* What needs to be done:
Whatever appears in the records apart from pictures must be reproduced exactly.

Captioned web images
--------------------

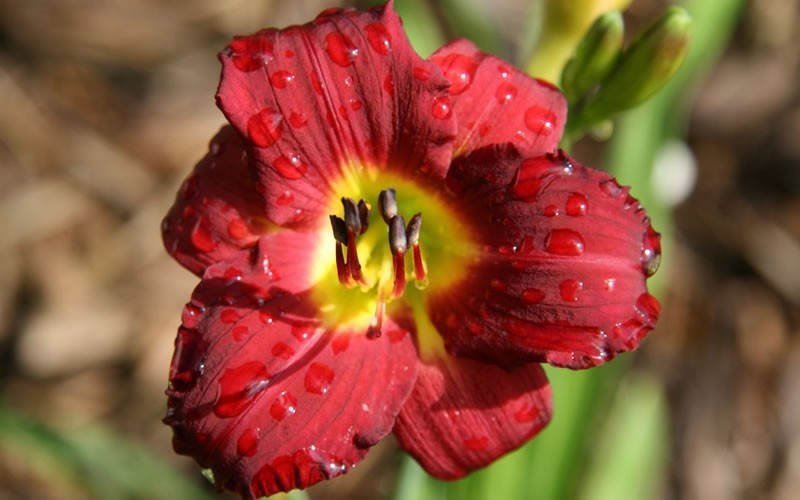 Pardon Me Daylily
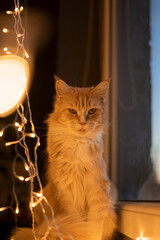 Ginger cat maine coon in fairy lights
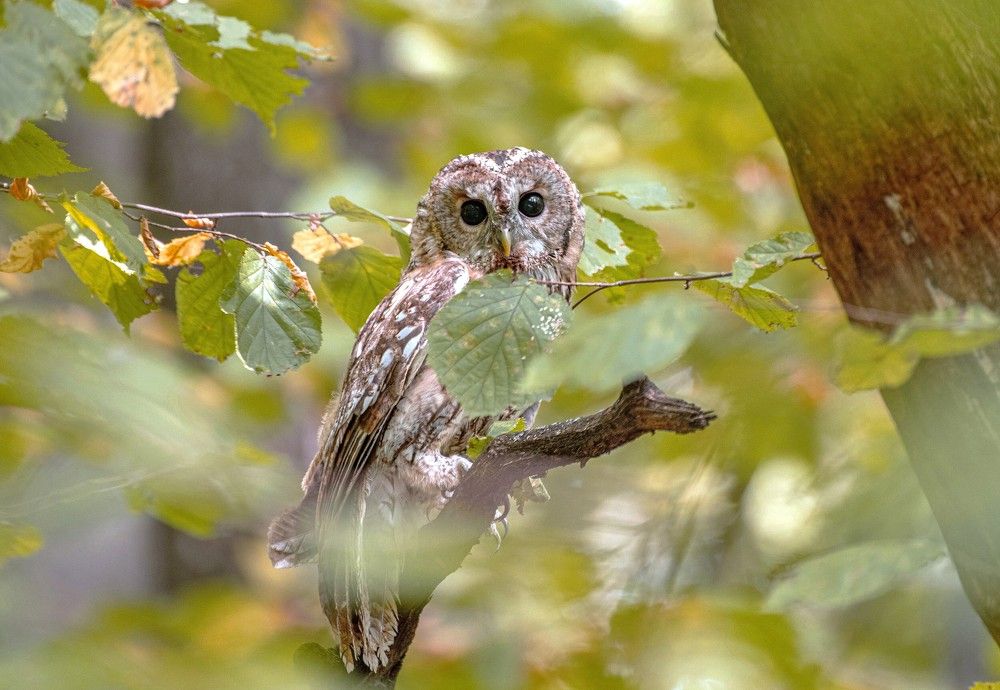 Серая неясыть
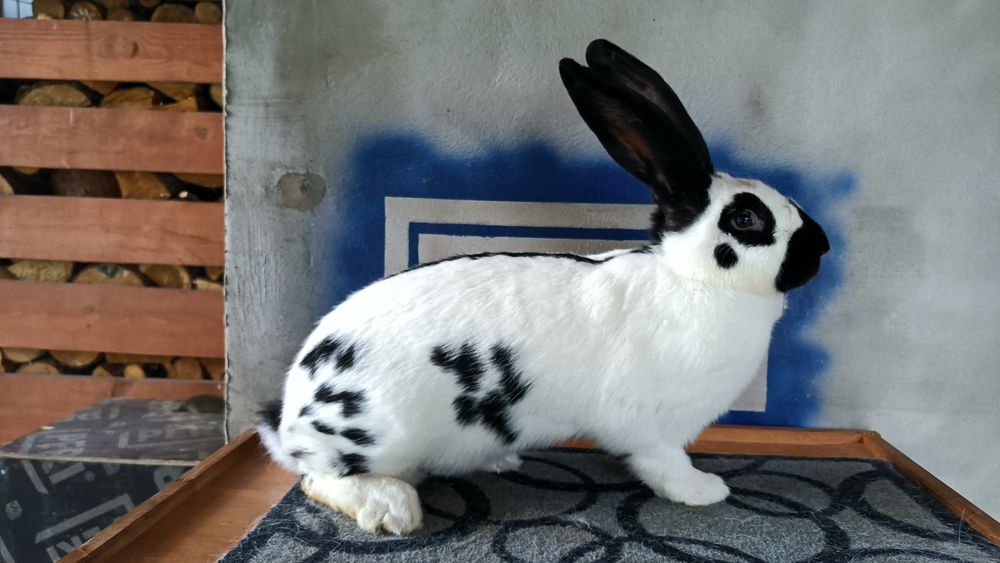 Samica olbrzym srokacz czarny osc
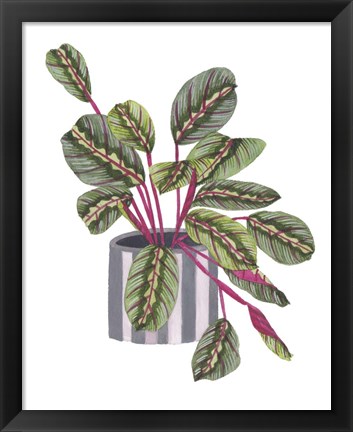 Framed Prayer Plant I Print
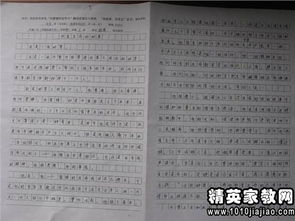 如何指導(dǎo)學(xué)生寫(xiě)好作文的開(kāi)頭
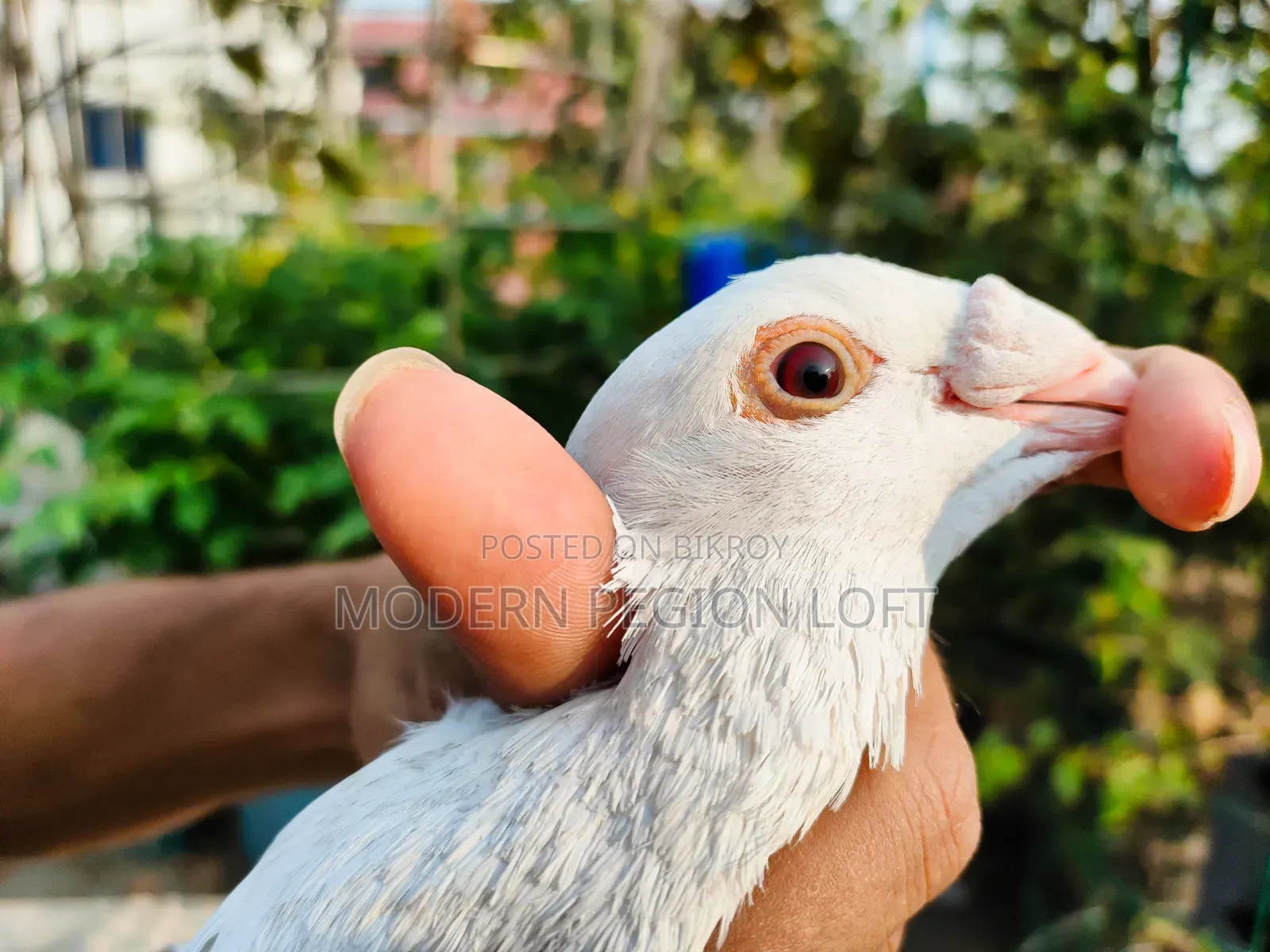 Homa Pair for Sale
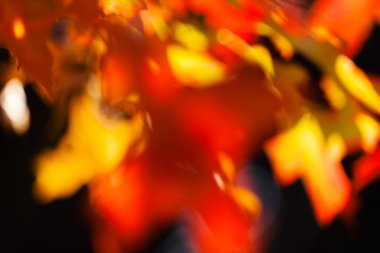 soyutlama sonbahar yaprakları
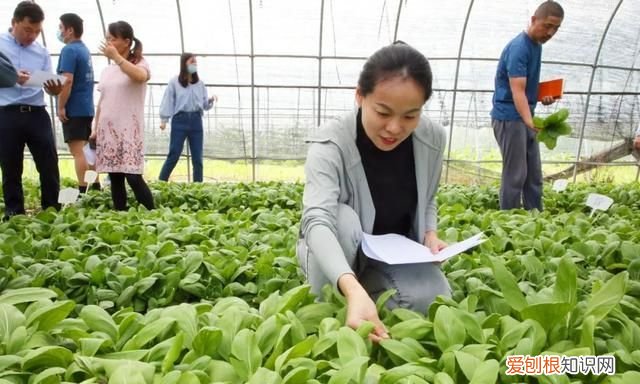 绿叶菜都有哪些呢 各种绿叶菜可以一起炒吗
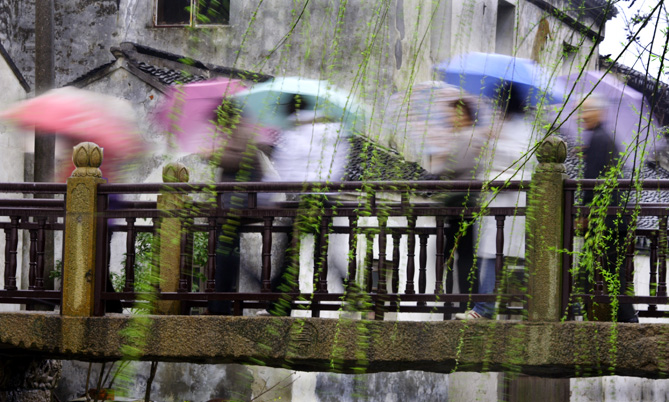 春雨 摄影 澍欣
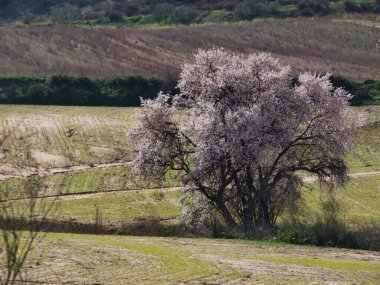 İlkbahar manzarası ağaçlarla kaplı İspanya 'daki yeşil bitkiler Madrid yakınlarında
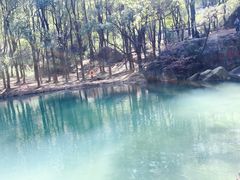 -白马涧龙池景区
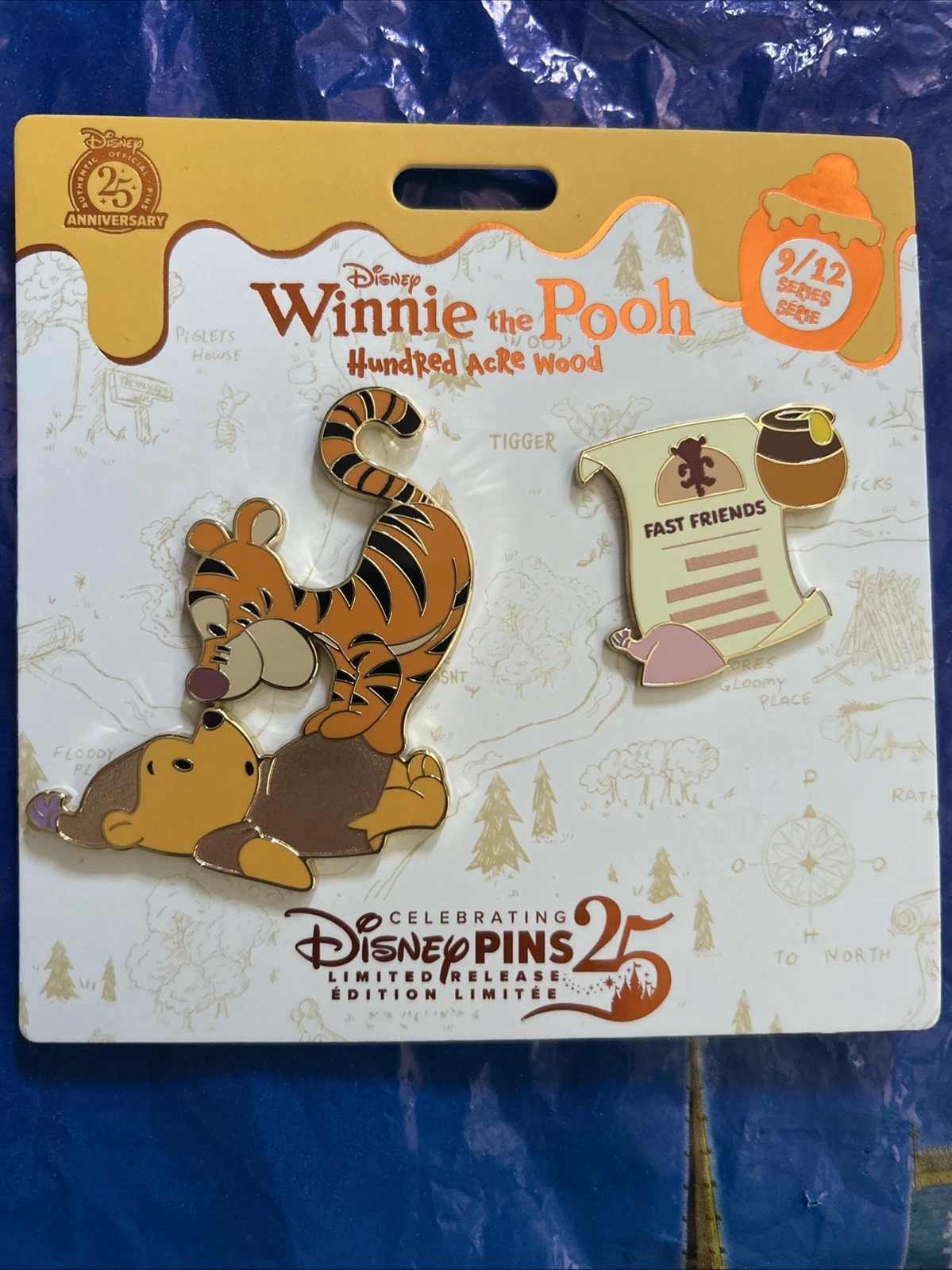 Disney Pin Winnie The Pooh And Tigger Hundred Acre Wood Series 9/12- LR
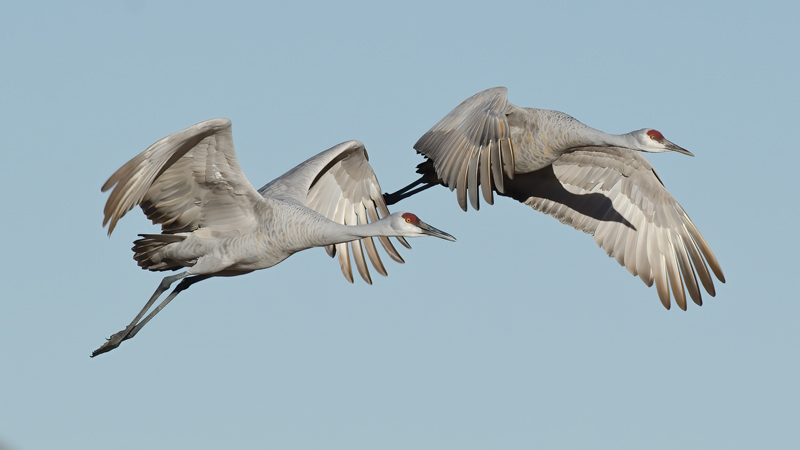 Sandhill_Crane_10_NM_090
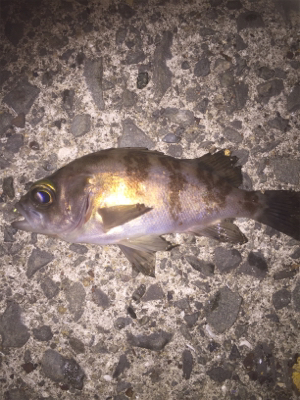 竿とリール新調しました。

--------------------

* Result for this task:
 Pardon Me Daylily
 Ginger cat maine coon in fairy lights
 Серая неясыть
 Samica olbrzym srokacz czarny osc
 Framed Prayer Plant I Print
 如何指導(dǎo)學(xué)生寫(xiě)好作文的開(kāi)頭
 Homa Pair for Sale
 soyutlama sonbahar yaprakları
 绿叶菜都有哪些呢 各种绿叶菜可以一起炒吗
 春雨 摄影 澍欣
 İlkbahar manzarası ağaçlarla kaplı İspanya 'daki yeşil bitkiler Madrid yakınlarında
 -白马涧龙池景区
 Disney Pin Winnie The Pooh And Tigger Hundred Acre Wood Series 9/12- LR
 Sandhill_Crane_10_NM_090
 竿とリール新調しました。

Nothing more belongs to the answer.